Les épreuves de spécialité du Bac décalées à juin

Lycée

Le Baccalauréat fait partie du paysage scolaire en France depuis des temps que l’on pourrait qualifier d’immémoriaux. Passage obligé et redouté, il tétanise souvent jusqu’aux meilleurs élèves, tant son enjeu est important : il reste le sésame ouvrant la porte aux études supérieures. La récente réforme majeure, mise en œuvre dès 2020, avait pour objet, entre autres, de développer la prise en compte du contrôle continu tout en introduisant de nouvelles épreuves : les épreuves de spécialités. Au-delà du fond, qui fut également contesté, c’est le calendrier proposé qui focalisa l’inquiétude. Les récentes déclarations du ministre de l’Éducation, modifiant les dates des épreuves, vont-elles répondre aux nombreuses interrogations suscitées par la réforme ?

La réforme Blanquer et les épreuves de spécialité

La réforme Blanquer est venue bouleverser le second cycle, introduisant des innovations qui suscitent encore de vifs débats.

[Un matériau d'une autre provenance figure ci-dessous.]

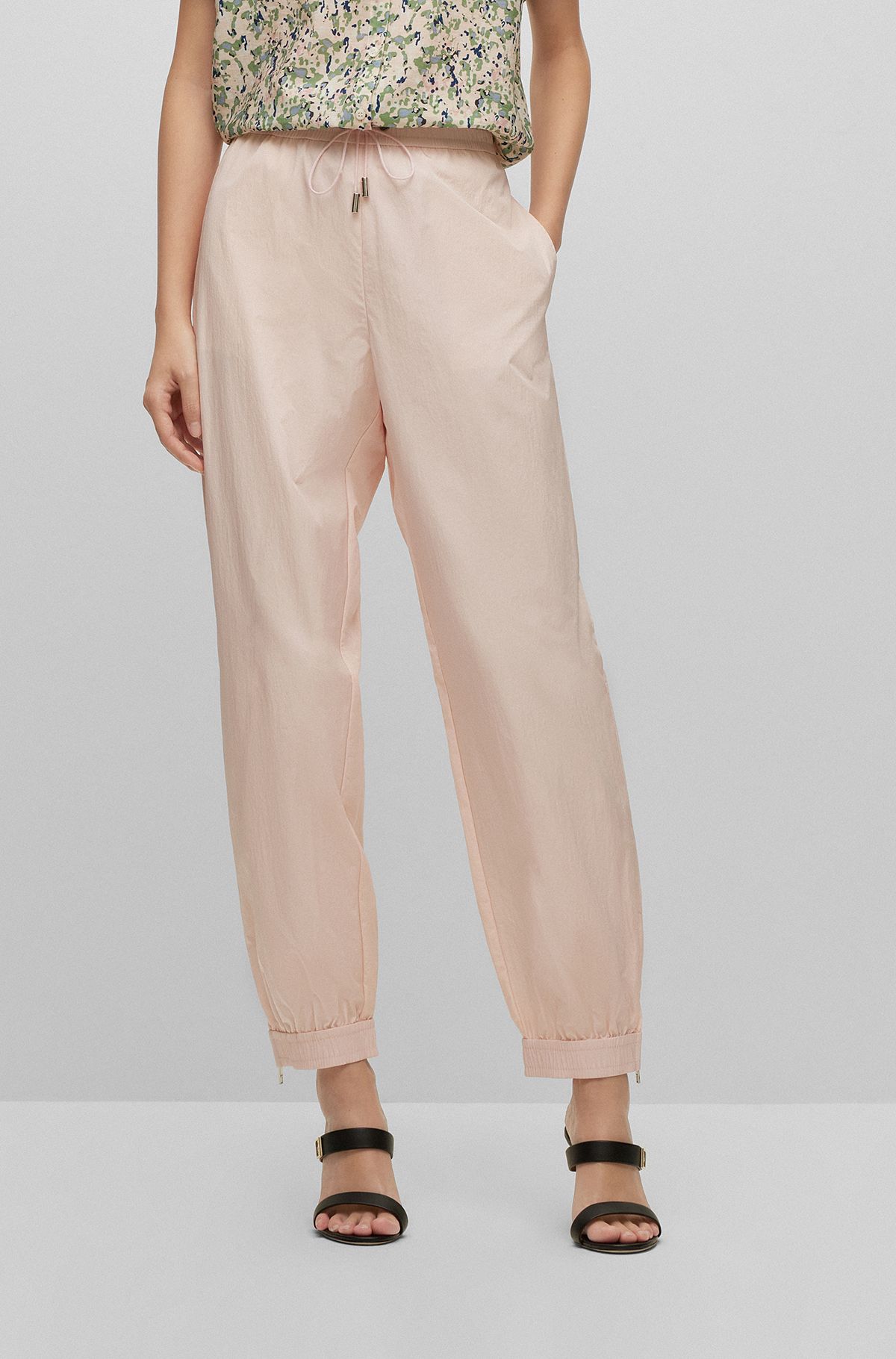 Relaxed-fit tracksuit bottoms with zipped hems, Pink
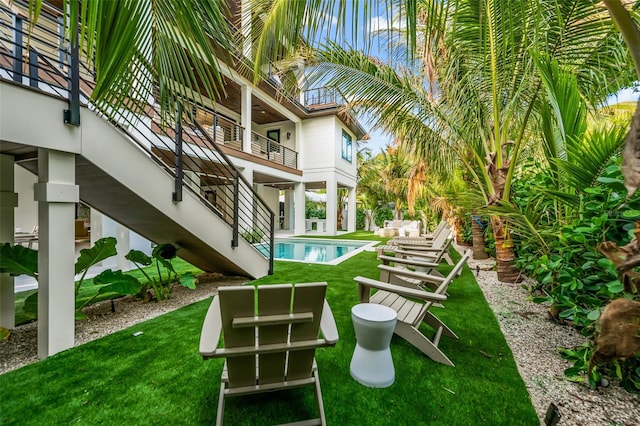 view of home's community featuring a patio area, a swimming pool, and a lawn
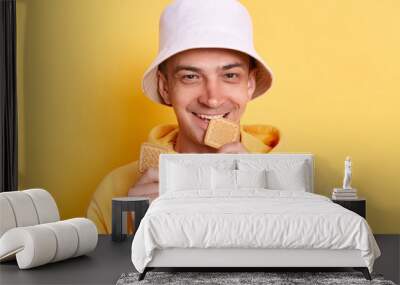 Hungry positive Caucasian young adult man wearing casual style hoodie and panama posing isolated over yellow background, holding and biting cookies, looking at camera with happiness. Wall mural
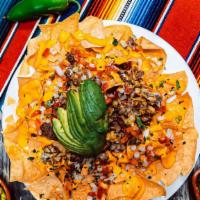 Nachos Supreme With Meat · Melted cheese, refried beans, carne asada, sour cream, fresh guacamole, pico de Gallo your c...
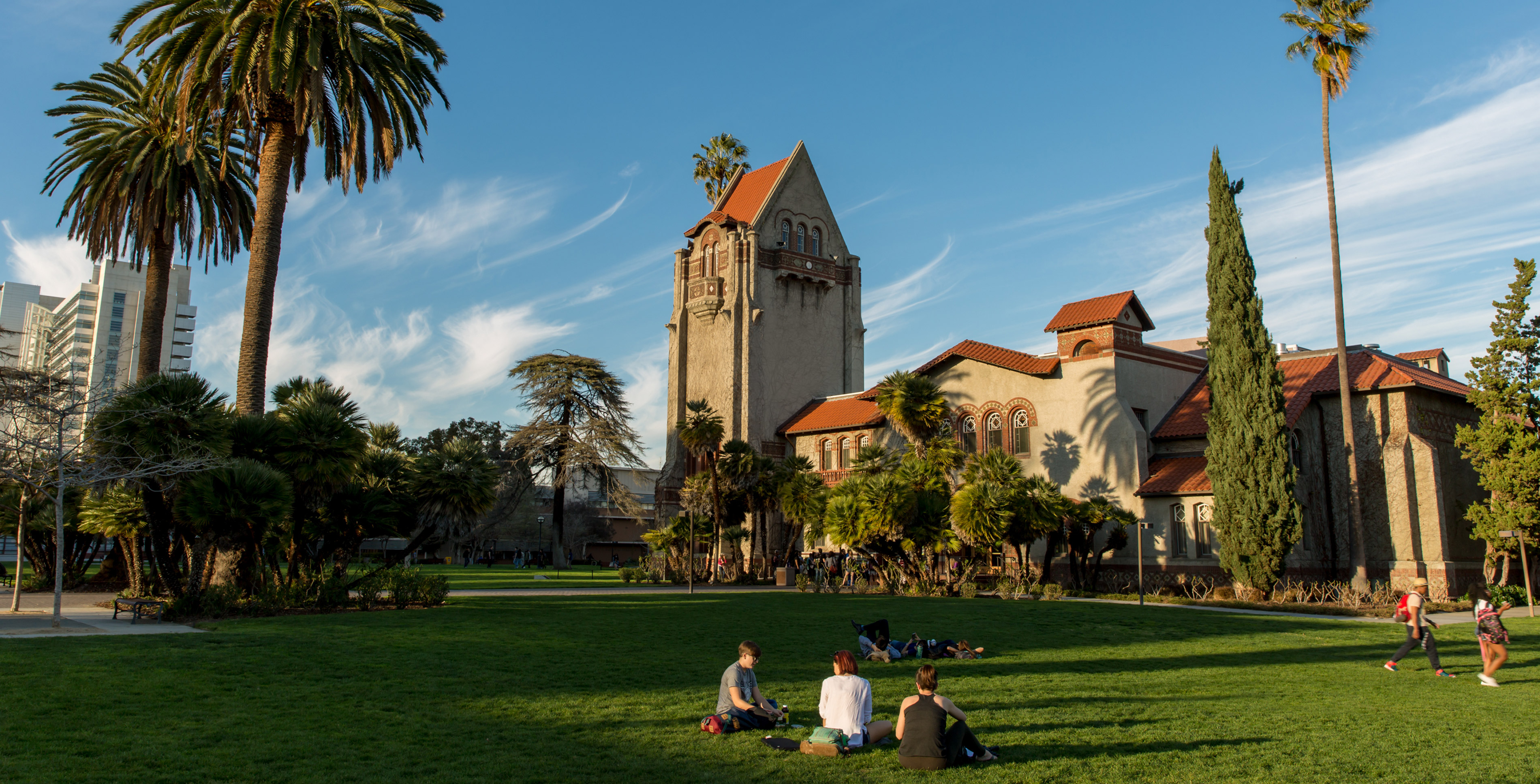 Students sitting on lawn in front of Tower Hall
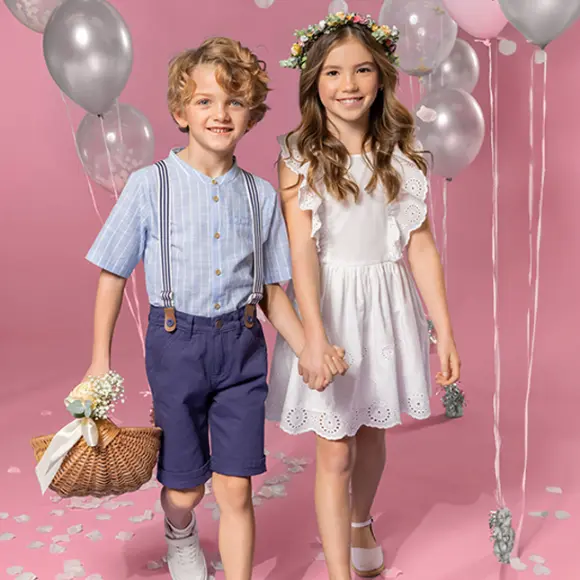 Zwei Kinder halten sich an den Händen und stehen vor einem rosa Hintergrund. Das eine trägt ein gestreiftes Hemd und Shorts, das andere ein weißes Kleid und eine geblümte Krone.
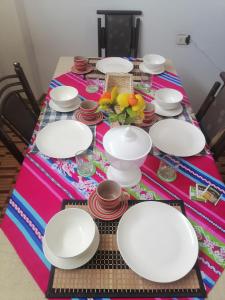 una mesa con platos blancos y cuencos en ella en Apartamento sombras del titicaca, en Puno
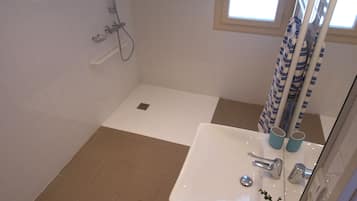 A bathroom with a shower, a sink, and a window.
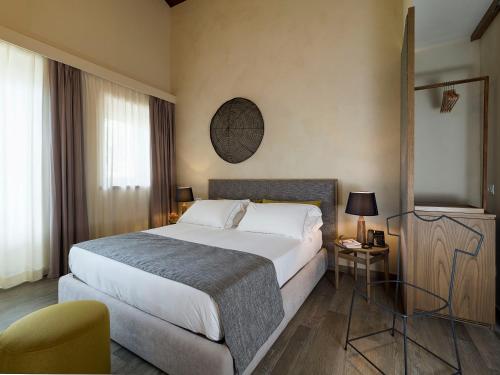 a hotel room with a large bed and a chair at Relais San Giuliano in Viagrande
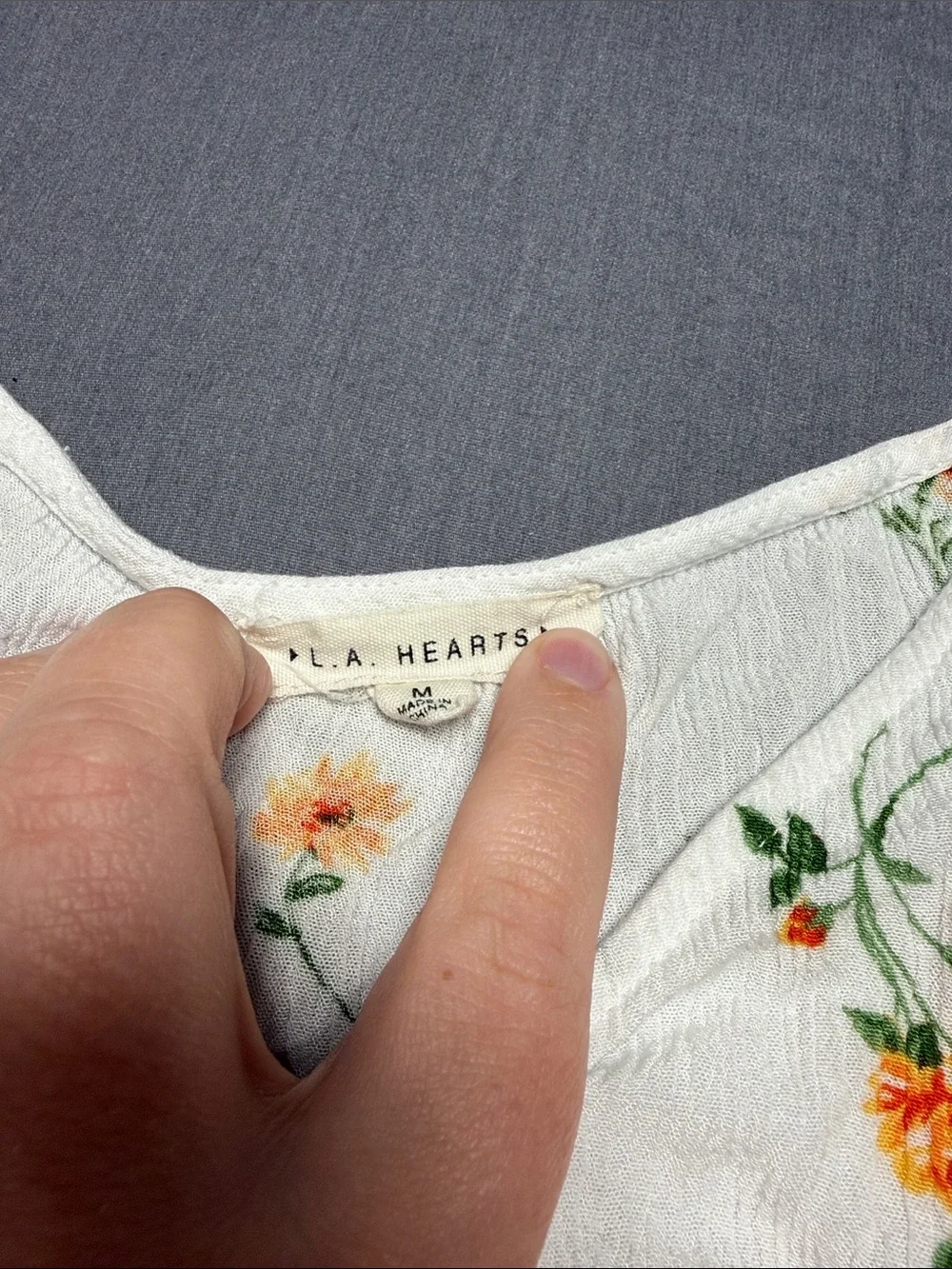 La Hearts White Floral Tie-Front Peplum Blouse with Orange Accents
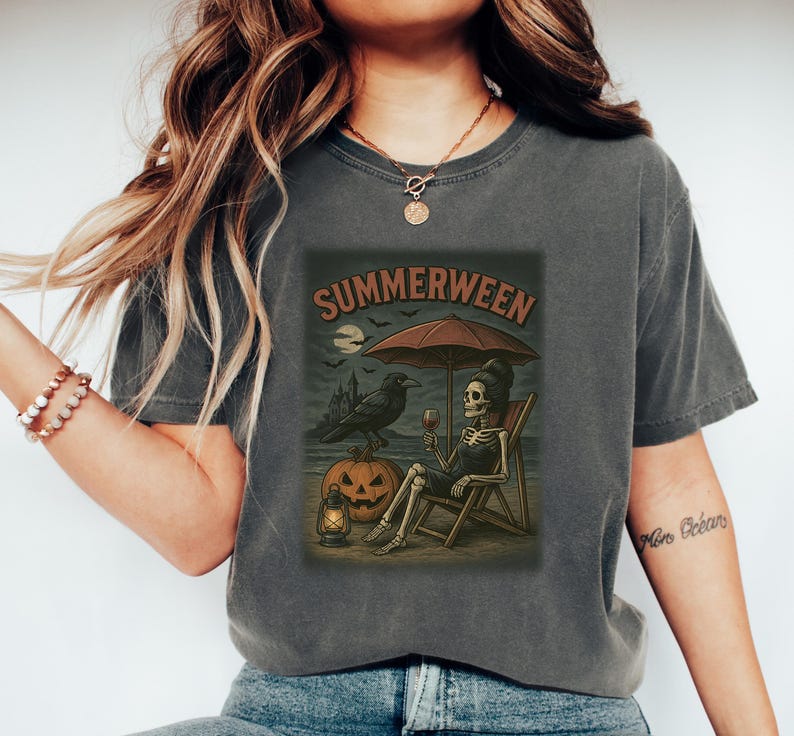 May include: Dark grey t-shirt with a graphic depicting a skeleton on a beach, under an umbrella, with a raven, pumpkin, and the text "SUMMERWEEN". The design has a vintage, Halloween theme.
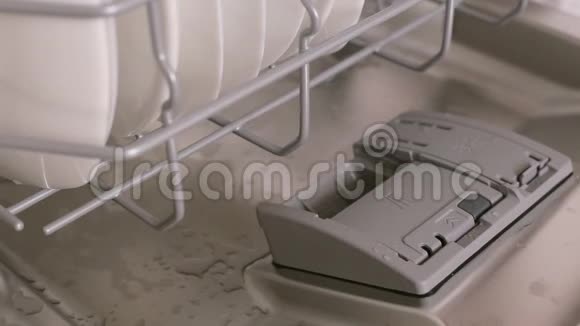 女人手在洗碗机的自动隔间里放洗衣片视频的预览图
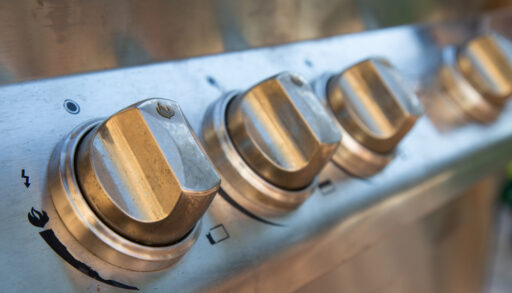 Close-up of temperature dials on a barbecue.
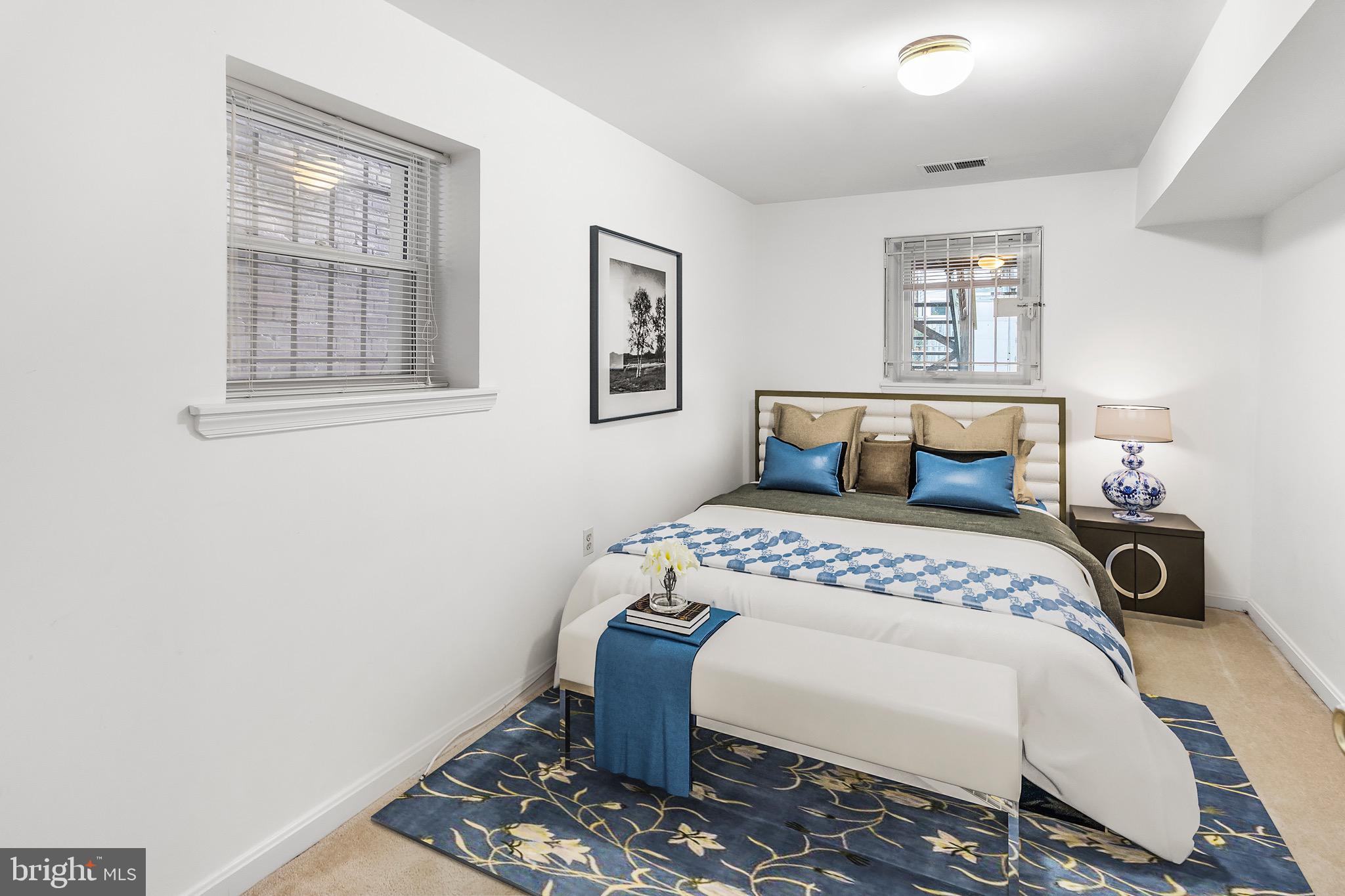 3612 Rock Creek Church Road Northwest, Unit LWR Washington, DC 20010 - Photo 14 of 19 a bedroom with a bed a table and chair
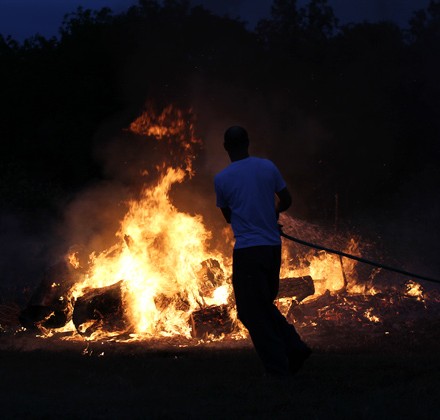 3blog-managing-fire man containing bonfire with garden hose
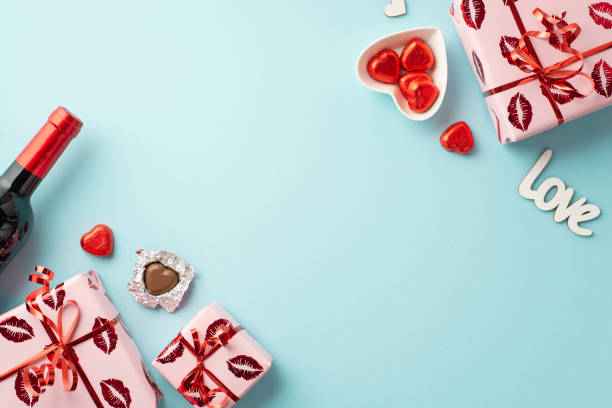 valentine's day concept. top view photo of gift boxes in wrapping paper with kiss lips pattern wine bottle and heart shaped dish with chocolate candies on isolated light blue background with copyspace - valentines day candy chocolate candy heart shape imagens e fotografias de stock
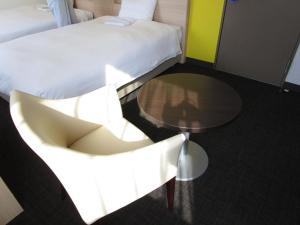 Postel nebo postele na pokoji v ubytování Smile Hotel Utsunomiya Higashiguchi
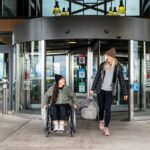 Wheelchair-user and companion leaving the Colorado Springs airport after landing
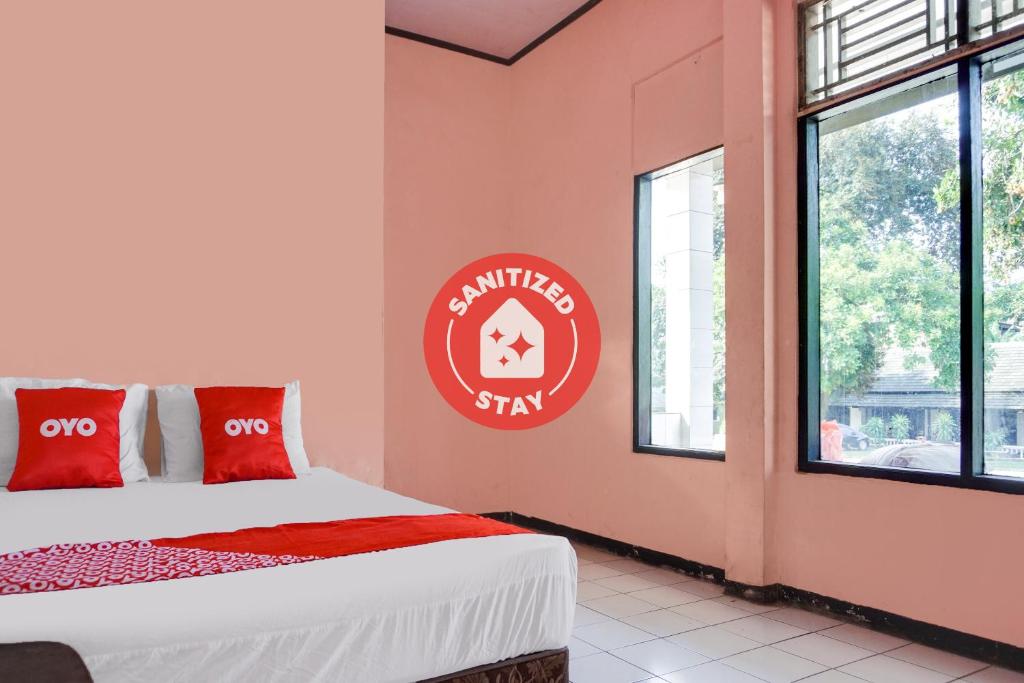 a room with a bed and a sign on the wall at SPOT ON 91797 Mutiara Guest House in Karawang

Le « nouveau Bac » repose ainsi sur de multiples briques : épreuve de français en fin de Première, contrôle continu sur les années de Première et de Terminale, deux épreuves de spécialités, une épreuve de Philosophie ainsi qu’un Grand Oral.

Le principe des épreuves de spécialité

Principales nouveautés avec le Grand Oral, les épreuves de spécialité visent à personnaliser le parcours des élèves selon leurs affinités et leurs projets d’études futures. En Première, le lycéen choisit trois matières de spécialités parmi plus d’une dizaine d’options. Cela lui permet de les travailler en profondeur. En fin de Première, il garde deux des trois spécialités pour l’enseignement de Terminale. 

En choisissant ces spécialités, les élèves ont l’opportunité de mettre en avant leurs compétences spécifiques et de préparer ainsi de manière plus ciblée leurs études supérieures. C’est une tentative d’adapter le cursus classique à une génération d’élèves aux aspirations diverses. Est-ce pour autant une bonne réponse à la question de l’orientation ? Les avis divergent, mais le problème qui a provoqué des alertes de toutes parts n’est pas là.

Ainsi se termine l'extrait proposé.